Gordeeva's `My Sergei' Tells Touching Love Story
MILWAUKEE - She looks so small out there by herself. Even having other skaters practicing at the same time as Ekaterina Gordeeva cannot diminish the impression of her being stranded on a glacier.
Gordeeva feels the same thing. There is for her a loneliness she once experienced as the temporary isolation of total concentration but now is a permanent solitude. There once was G&G, touching the world in surpassing harmony as Russians, lovers, two-time Olympic skating champions and parents.
Gordeeva and her late husband, Sergei Grinkov, had an extra dimension together. He was 6 feet tall and 163 pounds. She is only 5-2 and 95 pounds.
"Ice so cold. Rink so big. And little woman so alone on the ice," said choreographer Marina Zueva, who has worked with Gordeeva for 14 years.
Zueva was speaking last month, after Gordeeva had just finished her first competition as a singles skater, the World Team Championship. Nine months had passed since Grinkov died of a heart attack at 28, ending a partnership of such intense personal and professional concert that no one who ever saw them could fail to mourn his - and its - passing.
In Gordeeva's new book, "My Sergei," written with Sports Illustrated's Ed Swift, it becomes even more evident how special their relationship was and how multidimensional a man Grinkov was.

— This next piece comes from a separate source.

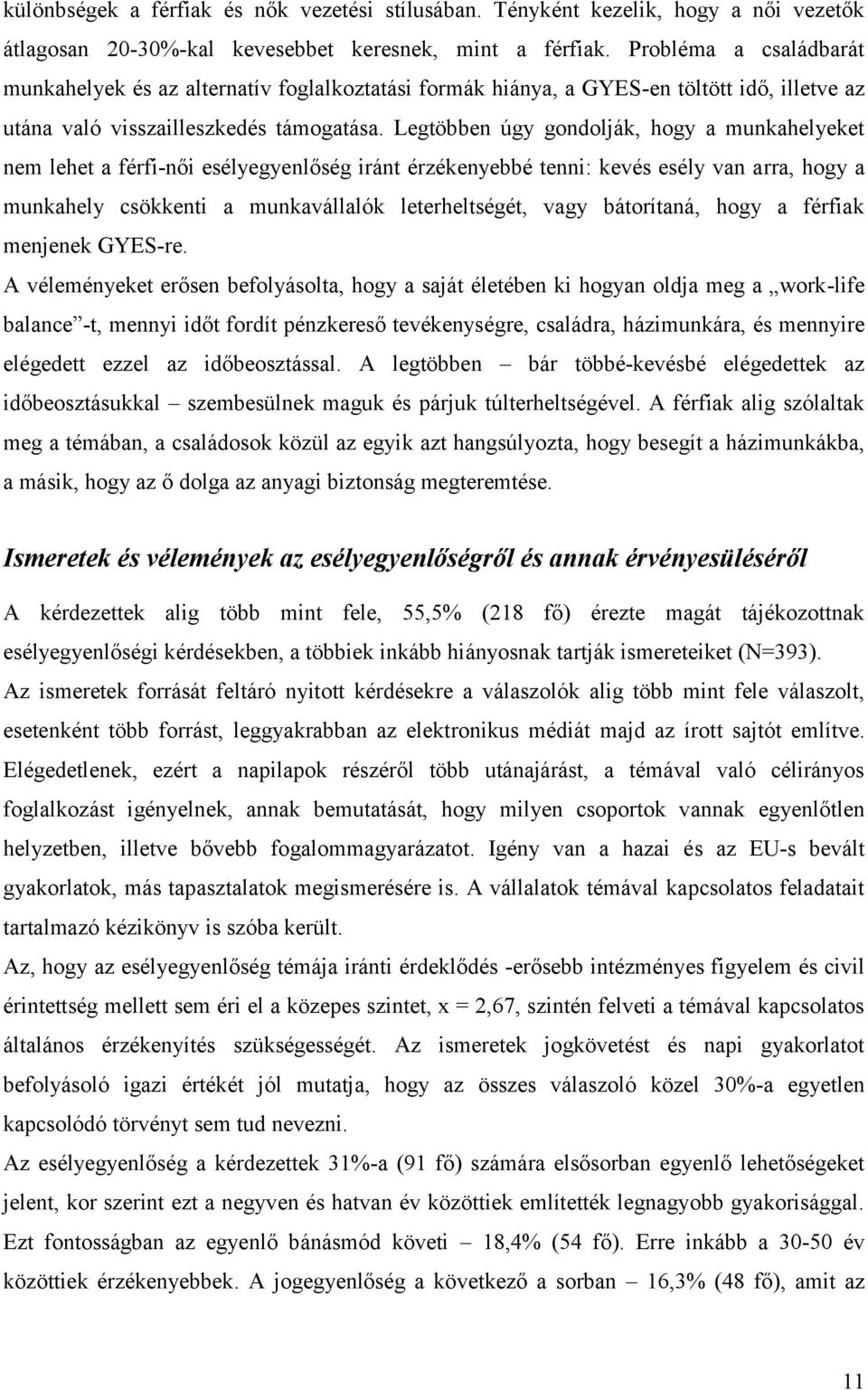 Legtöbben úgy gondolják, hogy a munkahelyeket nem lehet a férfi-női esélyegyenlőség iránt érzékenyebbé tenni: kevés esély van arra, hogy a munkahely csökkenti a munkavállalók leterheltségét, vagy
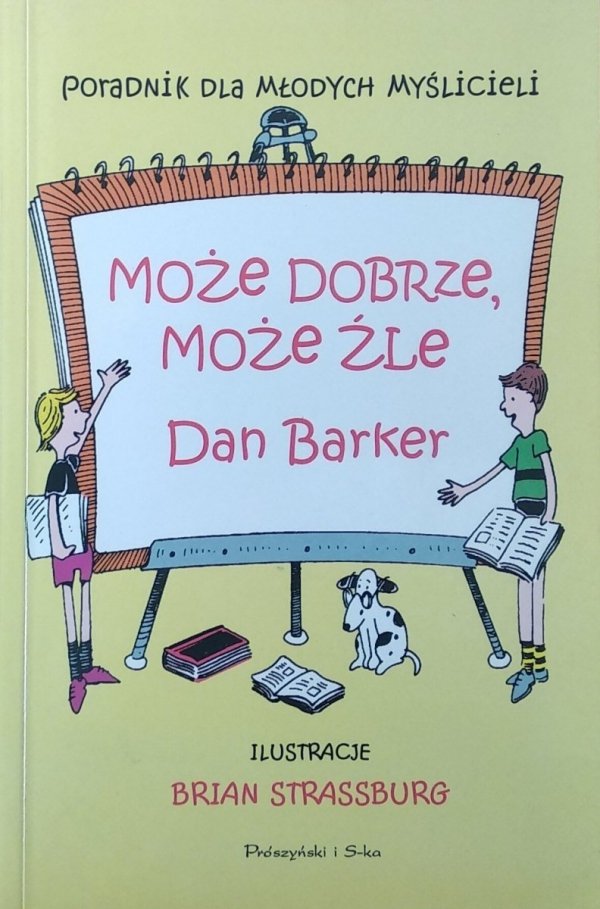 Dan Barker • Może dobrze, może źle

Literate, compassionate, affectionate, possessed of an innate musicality and a zestful temperament, he was a husband who once pushed the car out of the garage to avoid waking his wife while he went to buy things for a surprise breakfast in bed. No wonder the book is subtitled, "A Love Story."
"This is my life"
Gordeeva, 25, a Muscovite transplanted to Simsbury, Conn., could not imagine ever skating with another partner. So, at least for now, she is soldiering on alone, a singles skater for the first time since age 10, struggling through a four-minute program to a haunting piece of Rachmaninoff, falling on one jump and stepping out of the landing on another. With Grinkov, perfection had not only been an ideal but a commonplace.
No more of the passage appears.